The only problem there would be the call to xs_sock_mark_closed() in
xs_abort_connection. As far as I can tell, all we want to do there is
clear all those flags.

How about the following?

Cheers
  Trond
8<------------------------------------------------------------------
From c2d1bd4ab6c85cdbdf3380de2269817092fb9a11 Mon Sep 17 00:00:00 2001
From: Trond Myklebust <Trond.Myklebust@netapp.com>
Date: Tue, 23 Oct 2012 17:50:07 -0400
Subject: [PATCH] SUNRPC: Prevent races in xs_abort_connection()

The call to xprt_disconnect_done() that is triggered by a successful
connection reset will trigger another automatic wakeup of all tasks
on the xprt->pending rpc_wait_queue.
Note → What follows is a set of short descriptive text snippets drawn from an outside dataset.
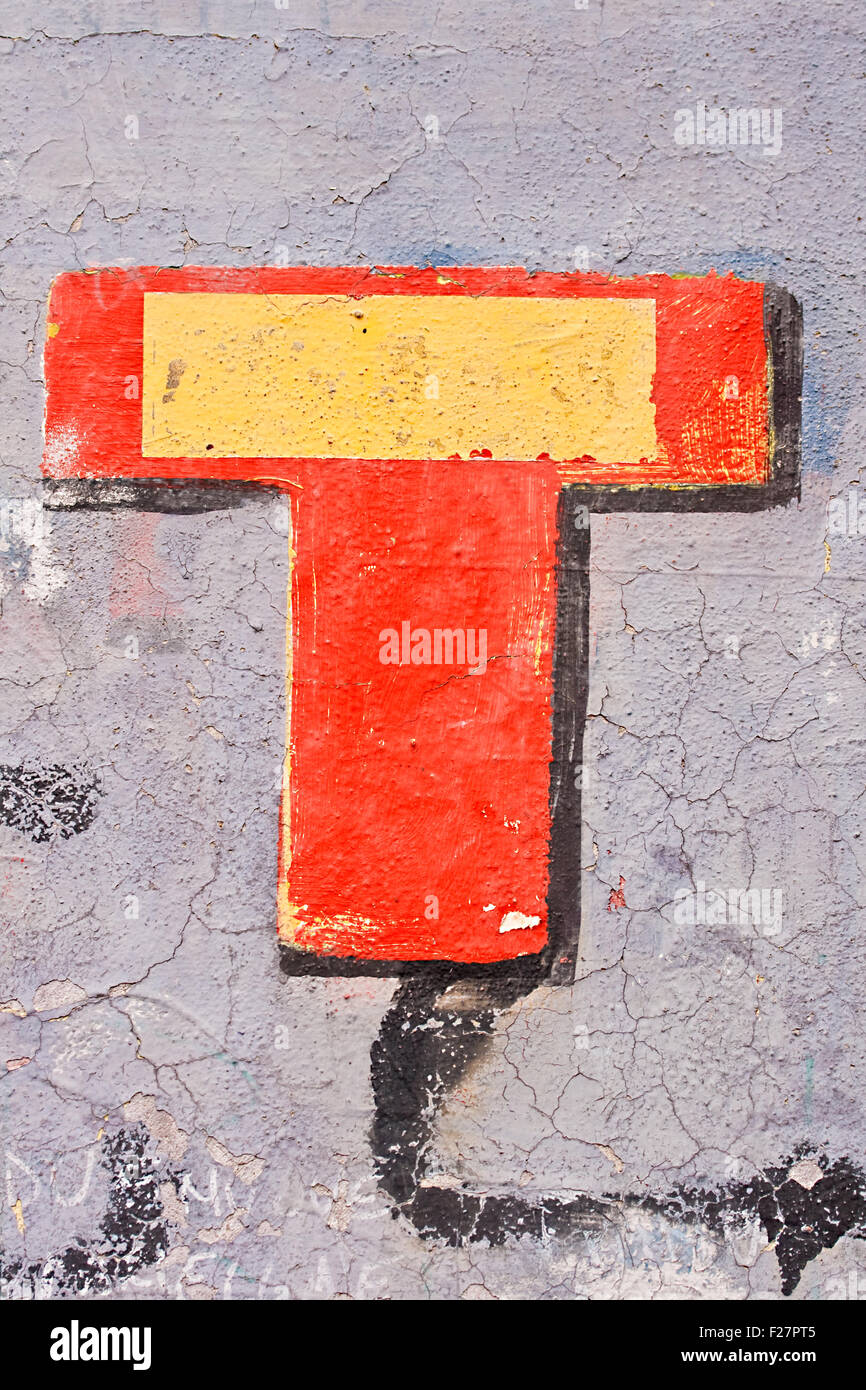 Letter painted on red hi res stock photography and images Alamy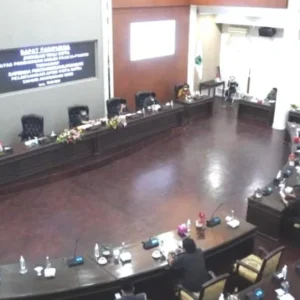 Wali Kota Batu Hadiri Paripurna DPRD Terkait Raperda Pertanggungjawaban APBD
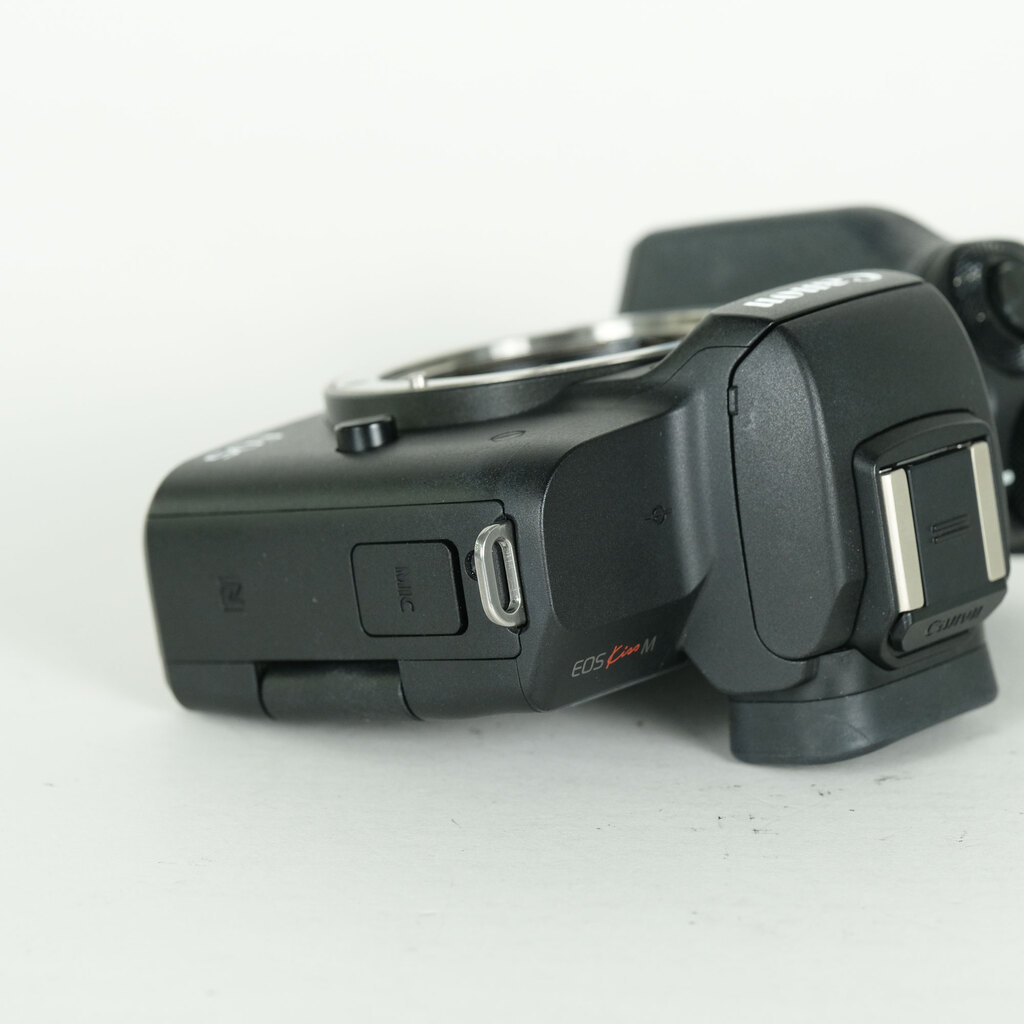 Canon EOS Kiss M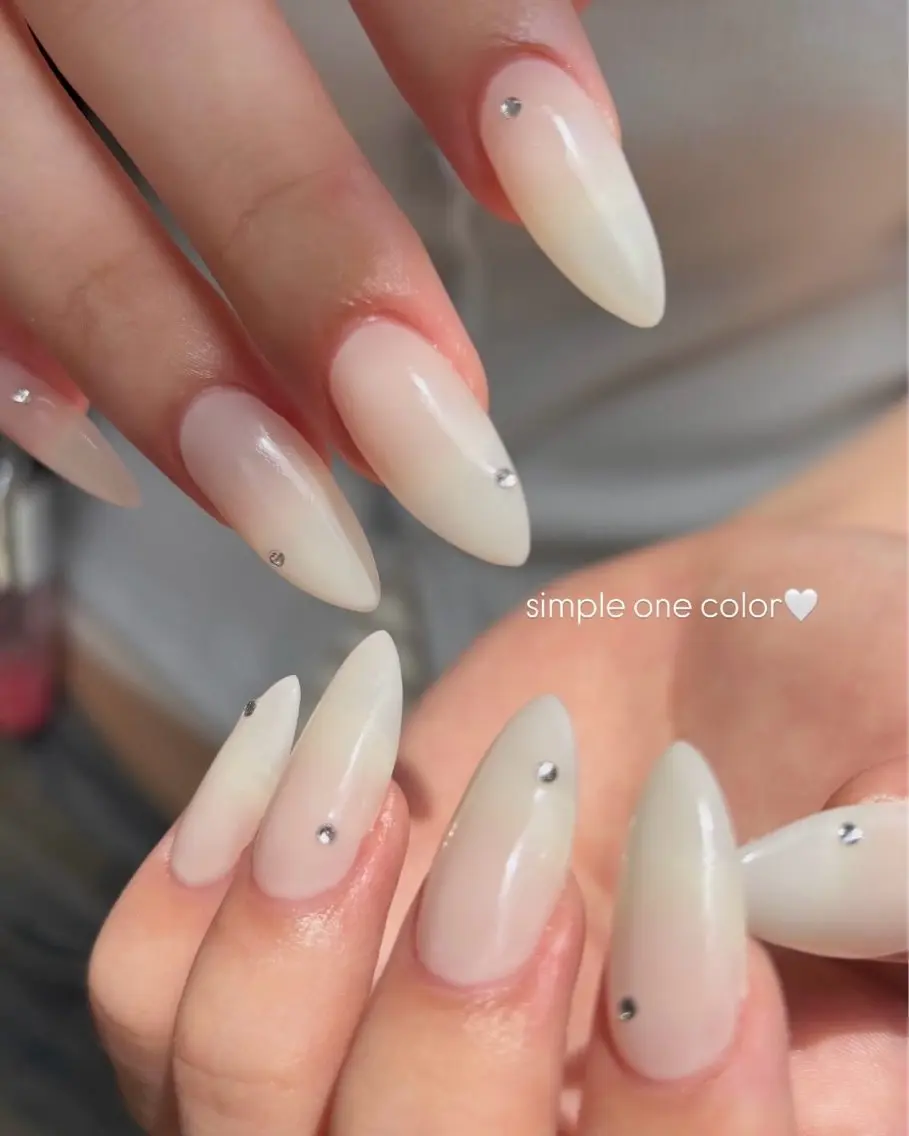 ネイル ホワイト フットネイル Ballie/ Mizukiのネイルデザイン
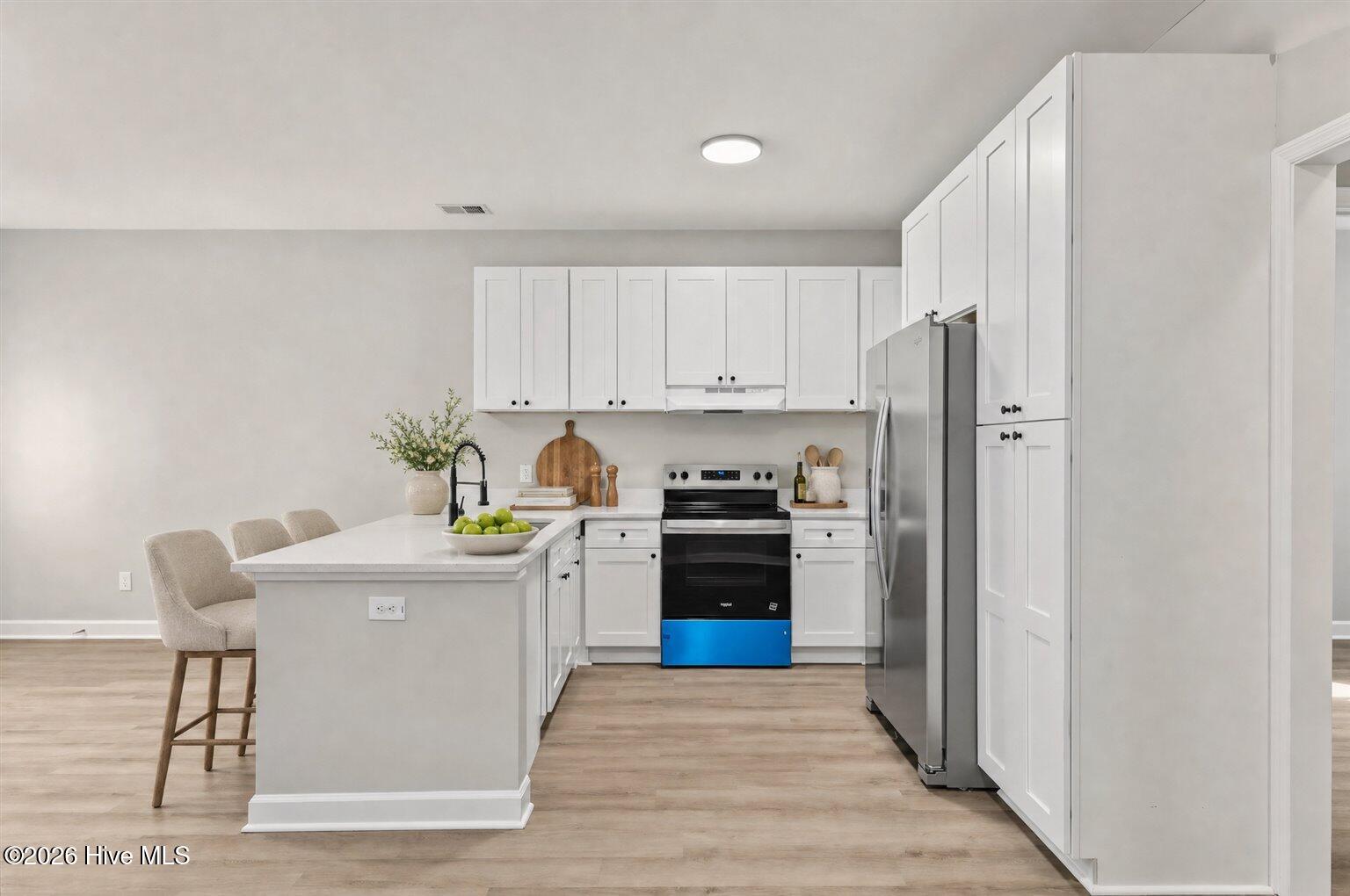 1005 Queen Street Property Photo 5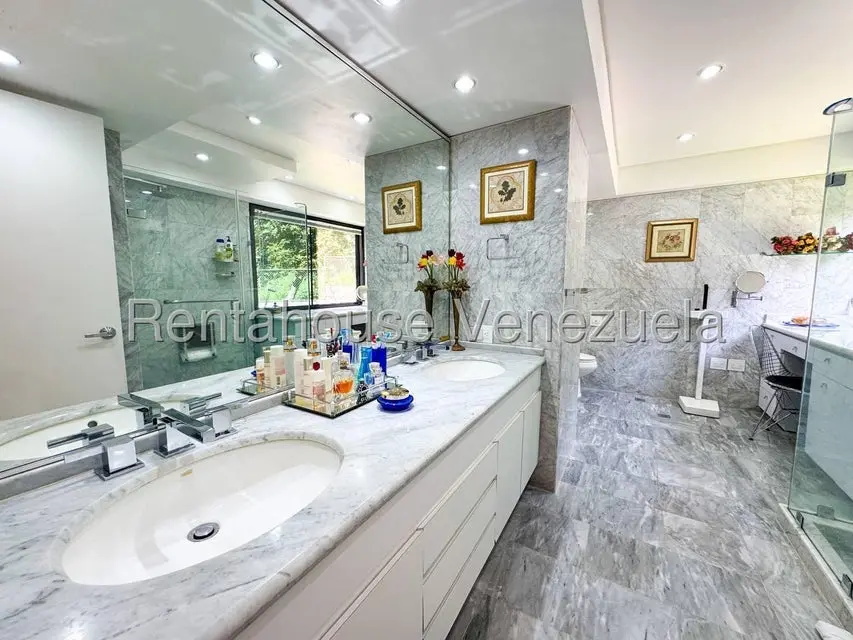 Apartamento (1 Nivel) en Venta en Lomas de La Lagunita, Distrito Metropolitano - 33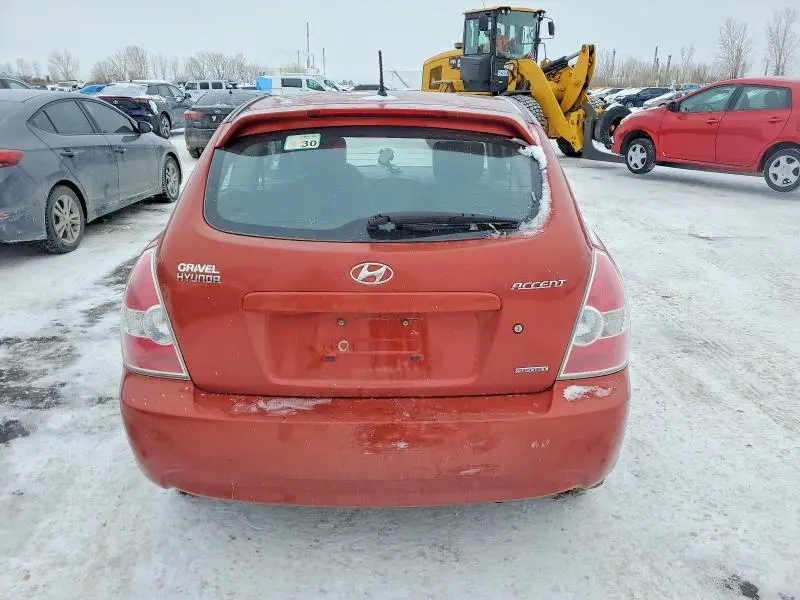 2010 HYUNDAI ACCENT SE  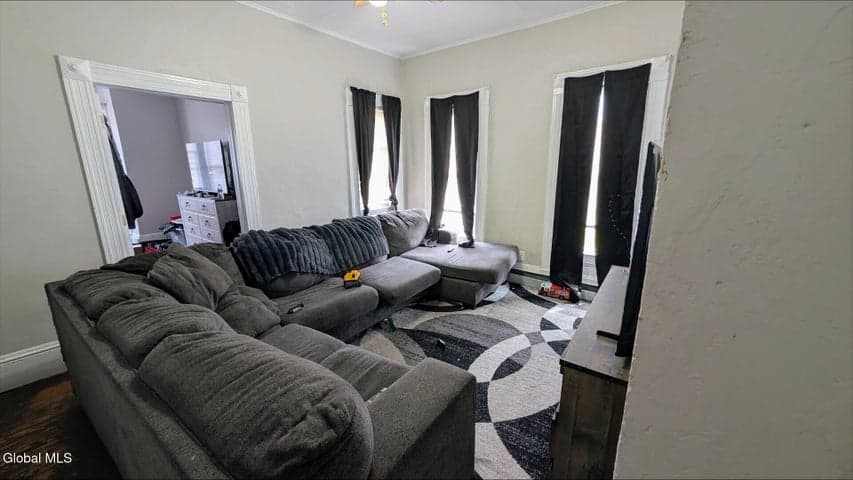 22 Union Street, Amsterdam, NY, photo 4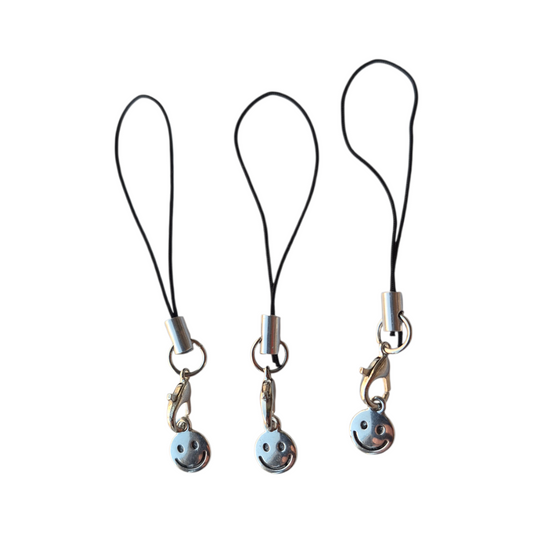 Gelukshangertje smiley metaal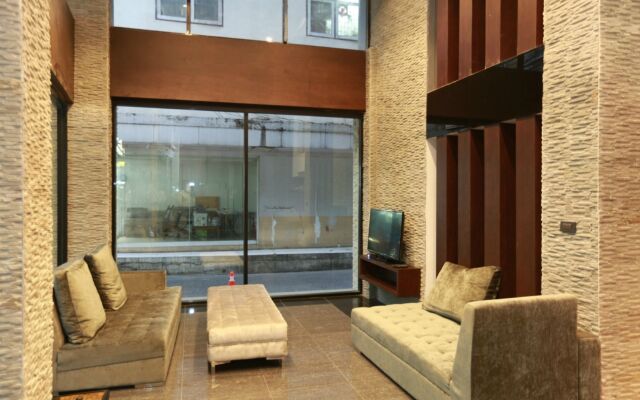 Collection O The Bangkok Airport Link Suite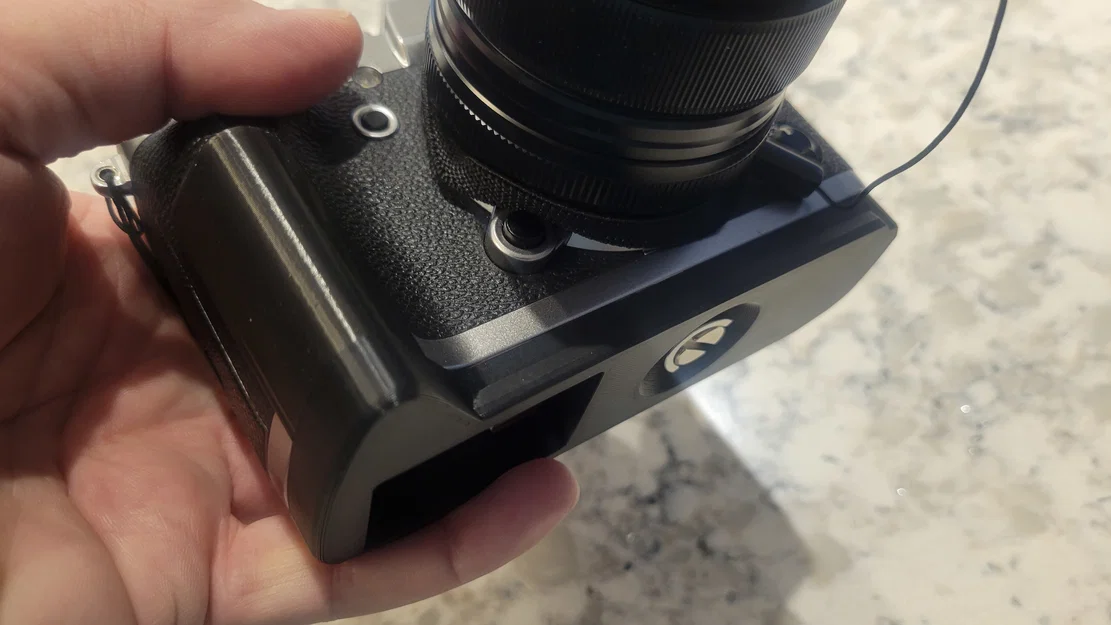 Grip cho Fuji Fujifilm X-T3 (XT3), có sẵn ngàm Arca-Swiss - Image 2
In particular it will cause an
early wake up of the task that called xprt_connect().

All we really want to do here is clear all the socket-specific state
flags, so we split that functionality out of xs_sock_mark_closed()
into a helper that can be called by xs_abort_connection()

Reported-by: Chris Perl <chris.perl@gmail.com>
Signed-off-by: Trond Myklebust <Trond.Myklebust@netapp.com>
Cc: stable@vger.kernel.org
---
 net/sunrpc/xprtsock.c | 13 ++++++++-----
 1 file changed, 8 insertions(+), 5 deletions(-)

-- 
1.7.11.7


-- 
Trond Myklebust
Linux NFS client maintainer

NetApp
Trond.Myklebust@netapp.com
www.netapp.com

diff --git a/net/sunrpc/xprtsock.c b/net/sunrpc/xprtsock.c
index 7e2dd0d..1f105c2 100644
--- a/net/sunrpc/xprtsock.c
+++ b/net/sunrpc/xprtsock.c
@@ -1453,7 +1453,7 @@ static void xs_tcp_cancel_linger_timeout(struct rpc_xprt *xprt)
 	xprt_clear_connecting(xprt);
 }
 
-static void xs_sock_mark_closed(struct rpc_xprt *xprt)
+static void xs_sock_reset_connection_flags(struct rpc_xprt *xprt)
 {
 	smp_mb__before_clear_bit();
 	clear_bit(XPRT_CONNECTION_ABORT, &xprt->state);
@@ -1461,6 +1461,11 @@ static void xs_sock_mark_closed(struct rpc_xprt *xprt)
 	clear_bit(XPRT_CLOSE_WAIT, &xprt->state);
 	clear_bit(XPRT_CLOSING, &xprt->state);
 	smp_mb__after_clear_bit();
+}
+
+static void xs_sock_mark_closed(struct rpc_xprt *xprt)
+{
+	xs_sock_reset_connection_flags(xprt);
 	/* Mark transport as closed and wake up all pending tasks */
 	xprt_disconnect_done(xprt);
 }
@@ -2051,10 +2056,8 @@ static void xs_abort_connection(struct sock_xprt *transport)
 	any.sa_family = AF_UNSPEC;
 	result = kernel_connect(transport->sock, &any, sizeof(any), 0);
 	if (!result)
-		xs_sock_mark_closed(&transport->xprt);
-	else
-		dprintk("RPC:       AF_UNSPEC connect return code %d\n",
-				result);
+		xs_sock_reset_connection_flags(&transport->xprt);
+	dprintk("RPC:       AF_UNSPEC connect return code %d\n", result);
 }
 
 static void xs_tcp_reuse_connection(struct sock_xprt *transport)